Occupy Wall Street has deposited donated funds in New York-based Amalgamated Bank but the FDIC has a bulls eye on the bank’s executives. At the end of August the federal regulator issued a scathing enforcement action calling for a third party review of the banks management and issuing a directive for the bank to lower its leverage ratios to 7 percent within a year. But that’s not all the FDIC is unhappy about. It appears some creative accounting for non performing loans are an issue.
According to the FDIC enforcement action the bank isn’t charging off its nonperforming loans that are more than 90 days delinquent. Instead it appears the bank’s been issuing new loans (through a restructuring) to pay off the delinquent loans and not booking the delinquent loans as a charge off.
This is important to the bank’s bottom line because they are required to book a charge off, which would affect the banks earnings, their loan loss reserves or their capital levels.
Ralph Hutchinson, a former federal regulator who now consults on bank fraud says, “They are masking the strength of the bank. The FDIC goes ballistic when they see banks do this. Essentially they are falsifying financials which could be considered fraud.”
The FDIC gave the bank 60 days to start booking loss charge offs and are not allowed to extend credit to borrowers over 90 days delinquent unless they can prove there is a viable workout plan.

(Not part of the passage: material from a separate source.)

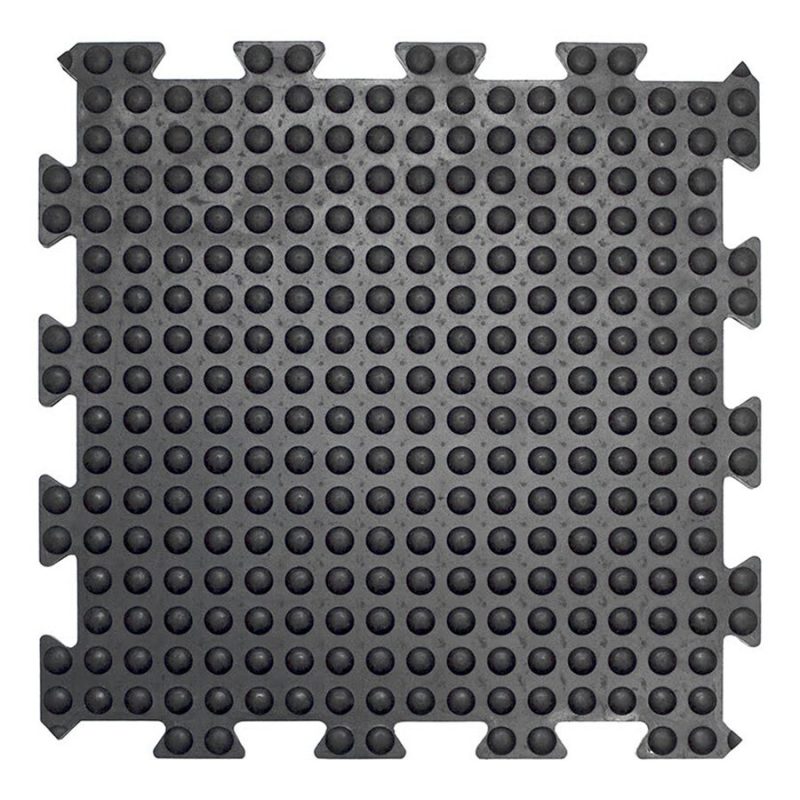 Černá gumová protiúnavová průmyslová dlažba (střed) - 50 x 50 x 1,35 cm (cena za 1 ks)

The enforcement action states: “The bank shall eliminate from its books, by charge-off or collection, all assets or portions of assets classified “Loss” in the report of examination dated June 14th 2010 issued jointly by the FDIC and the New York State Department of Banking that have not been previously collected or charged off.”
It’s no wonder some of the banks executives have jumped ship in the last six months. According to people who have worked for the bank there has been mass exodus of bank executives recently that includes the president. There is also the issue of board member Bruce Raynor who had to resign from his garment union leadership position after allegations of misconduct regarding his union expense reports.
CNBC’s John Carney reported last week that Occupy Wall Street raised $75k in about a week via small individual donations of up to $85 a person. Today we learned that total has grown to $300k. Except it’s odd that the Bank protestors, who inspired an international protest on Saturday, choose to put their money in a community bank that appears to be executing some of the fraud they are speaking out against.
I am still awaiting a call back from an Amalgamated Bank press person. Stay tuned as this story develops.
UPDATE 4pm: An outside press person for Amalgamated confirmed Patrick O’Sullivan, who ran the asset management group, left also this summer. You know before the enforcement action was made public.
UPDATE 5pm: An Amalgamated outside press person points out Wilbur Ross and Ron Burkle investment funds have verbally committed to invest $50 million each in the bank’s common stock. The FDIC and other common shareholders will have to approve this but if it goes through that could help solve their leverage ratio problems. According to Ralph Hutchinson the bigger issue though is the likelihood the bank will have to restate bank call reports. These are the financial loan level operating reports FDIC-backed banks are required to file.